◆ TASK REQUIREMENTS ◆
Restate the listing below line for line and word for word, without the pictures.

◆ GIVEN INFORMATION ◆
------------------------------------------------------------
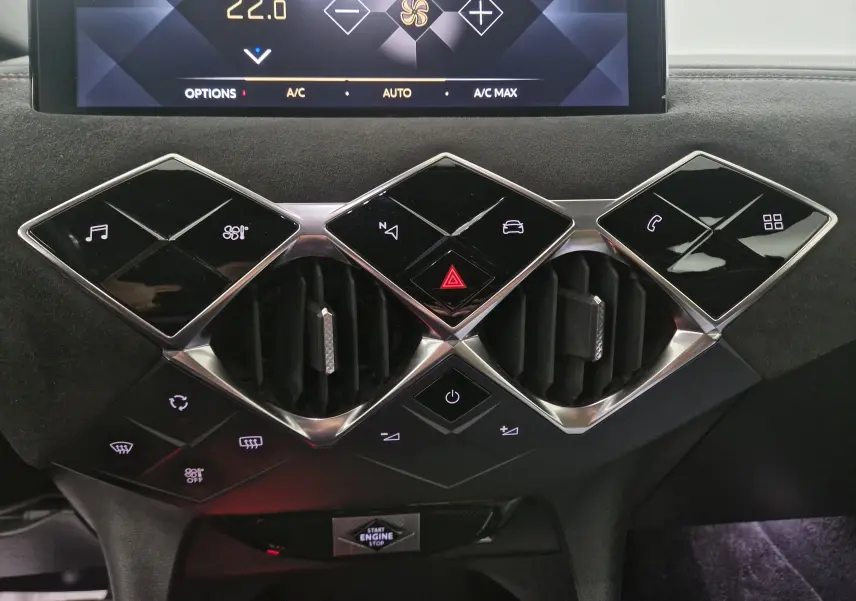 Vue rapprochée du tableau de bord noir du DS3 Crossback 2019, mettant en valeur les commandes tactiles et les aérateurs géométriques.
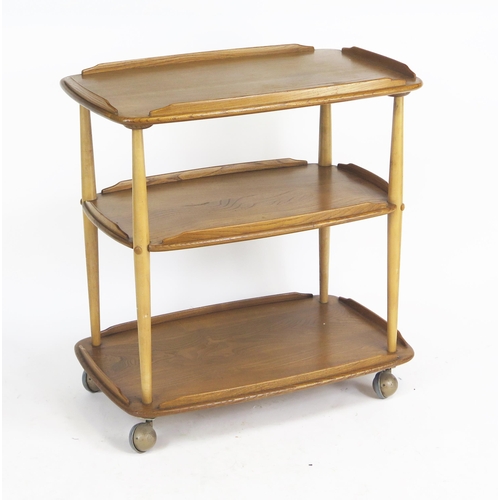 1646 - An Ercol Elm Three Tier Tea Trolley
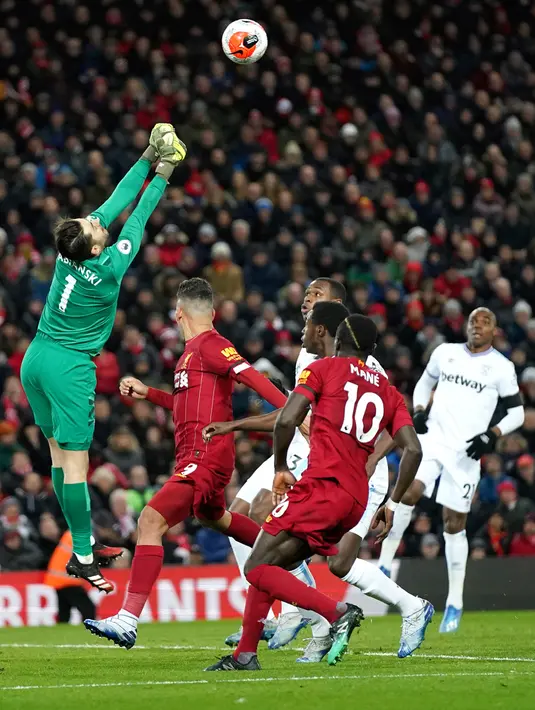 Kiper West Ham Lukasz Fabianski meninju bola saat menghadapi Liverpool pada pertandingan Liga Inggris di Stadion Anfield, Liverpool, Inggris, Senin (24/2/2020). Liverpool mengalahkan West Ham dengan skor 3-2. (AP Photo/Jon Super)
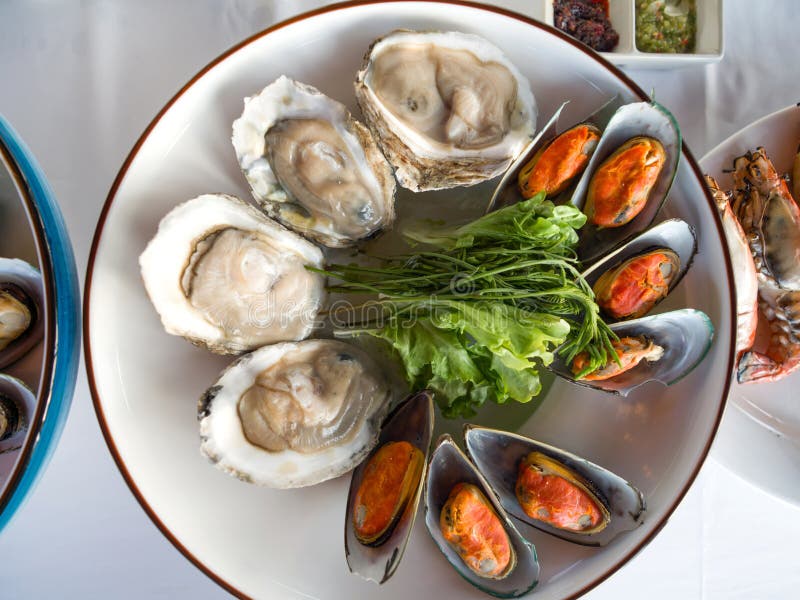 A platter of fresh organic raw oyster and Steam mussel on white table stock images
------------------------------------------------------------
◆ TASK RESULT ◆
 Vue rapprochée du tableau de bord noir du DS3 Crossback 2019, mettant en valeur les commandes tactiles et les aérateurs géométriques.
 1646 - An Ercol Elm Three Tier Tea Trolley
 Kiper West Ham Lukasz Fabianski meninju bola saat menghadapi Liverpool pada pertandingan Liga Inggris di Stadion Anfield, Liverpool, Inggris, Senin (24/2/2020). Liverpool mengalahkan West Ham dengan skor 3-2. (AP Photo/Jon Super)
 A platter of fresh organic raw oyster and Steam mussel on white table stock images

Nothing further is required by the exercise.